Welche Argumente aber sprechen nach Lévy für einen solchen Rachefeldzug? Zuerst nennt er Putins Aussage, der Zusammenbruch der Sowjetunion sei eine der größten geopolitischen Katastrophen des 20. Jahrhunderts gewesen. Ja, und? Das ist eine Tatsachenfeststellung. Sie sagt nicht, dass Russlands Führung glauben würde, das im Nachgang rückgängig machen zu können. Dann verweist er auf den kolportierten Satz Putins dem ukrainischen Präsidenten Poroschenko gegenüber, wenn er gewollt hätte, hätten die russischen Truppen binnen zwei Tagen nicht nur in Kiew, sondern auch in Vilnius oder Tallinn sein können. Und? Wenn Putin das so gesagt haben sollte, wäre der Sinn genau das Gegenteil: Ich wollte und will es nicht, auch wenn ich gekonnt hätte.
Schließlich folgt in Lévys Aufzählung ein positiver Bezug Putins auf den deutsch-sowjetischen Nichtangriffspakt von 1939. Lévy unterstellt, Putin würde die nachfolgende Annexion Polens und später weiter Teile Osteuropas loben.

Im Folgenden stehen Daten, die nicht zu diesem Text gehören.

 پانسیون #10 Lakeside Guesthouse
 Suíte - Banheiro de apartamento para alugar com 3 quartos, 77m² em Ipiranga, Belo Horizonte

Unter der von Lévy angegebenen Quelle findet man nichts dergleichen. Tatsächlich wiederholt Putin nur die alte sowjetische Staatspropaganda, dass die Westmächte mit dem Münchner Abkommen ihre Vereinbarung mit Hitler gegen die Sowjetunion trafen, und deshalb hätte die sowjetische Politik, weil sie nicht Krieg führen wollte, dies durchkreuzt habe, indem sie einen eigenen Nichtangriffspakt mit Hitler schloss. Und er fügt sogar hinzu: „Das waren damals die außenpolitischen Methoden.“ Auch daraus folgt nichts für die Gegenwart.
Es kommen dann die üblichen Verweise auf die vorgeblichen oder tatsächlichen Verletzungen des Luftraums osteuropäischer Länder durch russische Militärflugzeuge, die ukrainische Zivilgesellschaft, die „Verfolgung von Homosexuellen“. Schließlich wird Angst geschürt: Neue russische Raketen konnten vom Kaspischen Meer aus auf Ziele in Syrien abgeschossen werden. Und trafen auch. Die neuen russischen Waffen haben vor allem mit der Aufrechterhaltung eines militärischen Gleichgewichts zu tun, wobei die Vorrüstung stets von den USA ausging. Am Ende insinuiert Lévy, man müsse Texte über die Geschichte des Kommunismus lesen, um die Lage zu verstehen. Er hätte lieber Bücher über russische Außenpolitik seit Peter dem Großen lesen sollen. Den selbsterklärten „Siegern der Geschichte“ von 1989 fällt es offenbar noch immer schwer, dass es wieder mächtige Akteure in der Weltpolitik gibt, die ihnen nicht Untertan sind.
Der Lévy-Text erschien am 3. November 2015 in dem Journal Internationale Politik und Gesellschaft, das online von der Friedrich-Ebert-Stiftung herausgegeben wird. Sind deren Macher jetzt in das Lager der Kriegstreiber übergetreten? Oder wollten sie „nur“ die Außenpolitik des sozialdemokratischen deutschen Außenministers konterkarieren?